After a decade of being assured that the short support window for Android devices had a root cause in the lack of support device makers received from Qualcomm, they are the last company that I want to see buy Intel.
Meanwhile x86 has maintained backwards compat for (checks calendar) yeah decades. Literally decades. With standards up the wazoo to avoid the disaster that is the Arm ecosystem without UEFI or something like it.
Every Arm SoC being a snowflake needing special attention by the OS is a huge hassle. There's a reason there's no simplified Arm installer for operating systems.
Historically this backwards compatibility was a competitive moat for intel – having a large supply of weird instructions with some undocumented behaviour thrown in makes it more expensive to make competing chips.
To be clear, I wasn’t claiming anything about operating systems. Merely that adding many weird instructions was a strategy intel used to try to make the jobs of amd and centaur and suchlike harder.
Some ARM systems (mainly servers) do support ACPI; allowing for one image to run on multiple processors and devices.
However… ACPI is apparently a pretty awful thing to implement.
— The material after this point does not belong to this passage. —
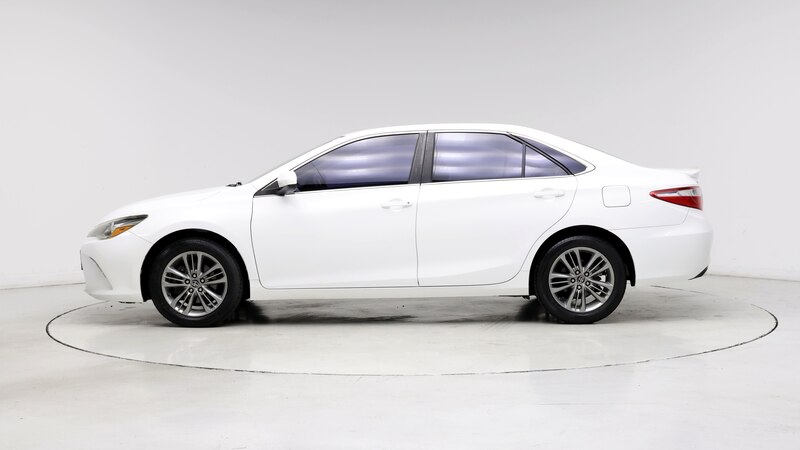 2017 Toyota Camry SE 3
When it doesn’t work, or mistakes are made (looking at my own 13th gen HP laptop right now - borked ACPI tables means unpatchable broken sleep on Linux), then it’s pure frustration.
Device trees on the other hand are much more binary. Either everything generally works or it doesn’t at all. It’s a valid approach.
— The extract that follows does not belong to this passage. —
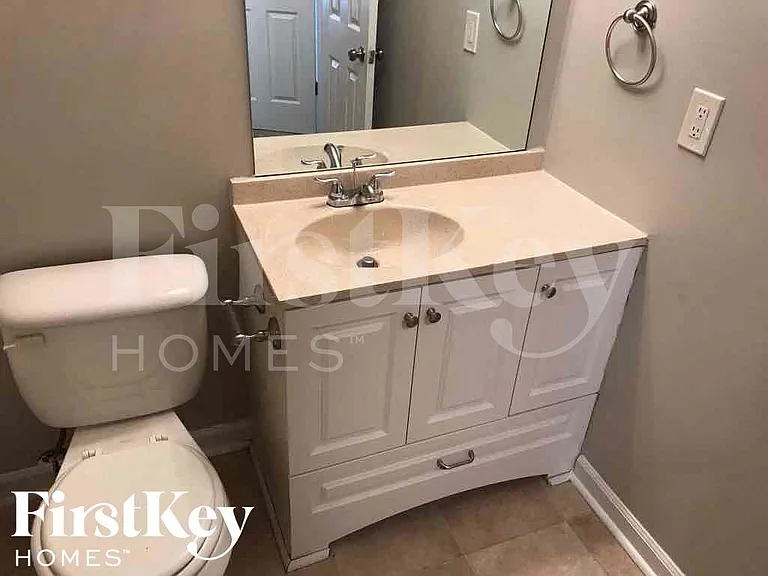 5623 Crystal Hl — Photo 20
Flawed implementations of open specs can be worked around with things like quirk tables. A spec held hostage by a non-cooperating vendor cannot. In the world of ARM SoCs, bad vendors won't even provide a device tree, just a binary image compiled from a patched kernel.
nobody is a saint on this matter. both parties act the way they do to support their business position.
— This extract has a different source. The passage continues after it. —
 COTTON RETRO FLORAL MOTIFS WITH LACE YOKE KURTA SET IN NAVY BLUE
short-term support helps qualcomm sell more because their customers want to sell more phones to the same users. on the other hand, for the industrial partners there is an "LTS" model of support given (side effect being fairphone 5 https://news.ycombinator.com/item?id=37320800).
long-term support through backwards compatibility helps intel because they can sell new chips with the assurance that the ancient, unmaintained industrial software continues to run in a shinier box.
Intel squandered its dominance on the CPU market for decades. Qalcomm sucking the remaining life of it would be a fitting end for a player that lost its way.
Wonder if the increasing backwards compatibility became too much to bear, but IMO it never really tried to tread new grounds for risk of losing a comfortable position.
Qualcomm should buy capacity from Intel, Intel can wind down x86 slowly as it shifts to foundry (implementation of the how is Intel’s core engineering product this whole time)
Every Arm SoC being a snowflake needing special attention by the OS is a huge hassle. There's a reason there's no simplified Arm installer for operating systems.